Brief
Copy the listing exactly, please, and keep every picture out of it.

Given information

——————————

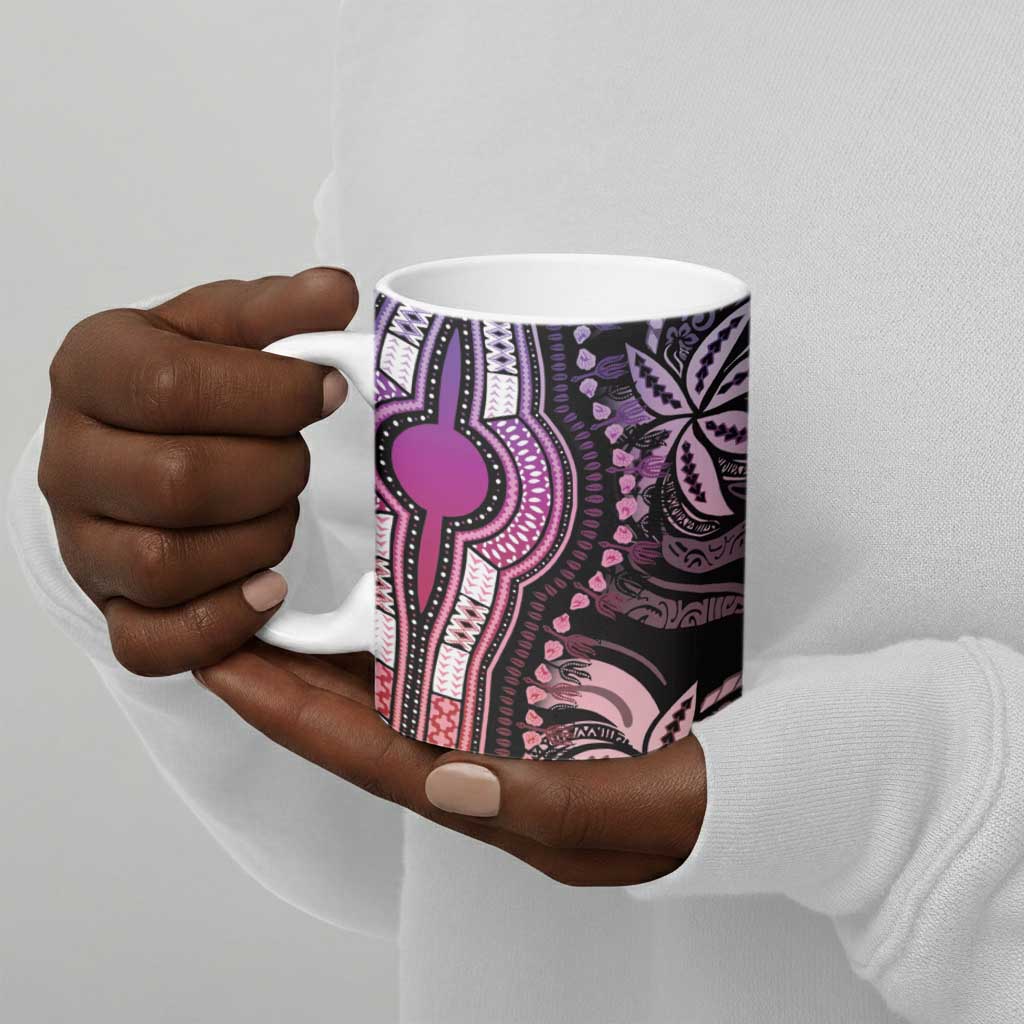 Polynesia Mixed African Dashiki Ceramic Mug Afro-pacific Culture - Pastel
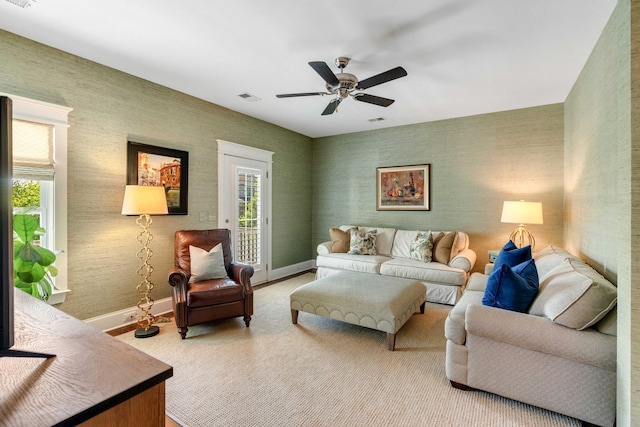1527 Wando View St, Charleston, SC 29492 - carpeted living area featuring baseboards and ceiling fan
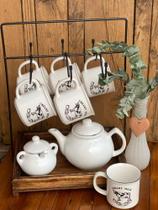 Porta xícaras de chá madeira rustica - dcabana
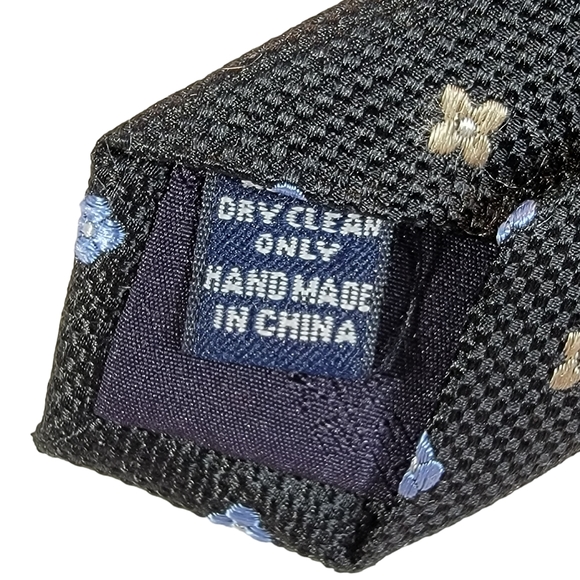 Roundtree & Yorke 100% Silk Handmade Floral Polka-Dot Pattern Black Men's Tie - Picture 11 of 12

——————————

Response to this task
 Polynesia Mixed African Dashiki Ceramic Mug Afro-pacific Culture - Pastel
1527 Wando View St, Charleston, SC 29492 - carpeted living area featuring baseboards and ceiling fan
 Porta xícaras de chá madeira rustica - dcabana
 Roundtree & Yorke 100% Silk Handmade Floral Polka-Dot Pattern Black Men's Tie - Picture 11 of 12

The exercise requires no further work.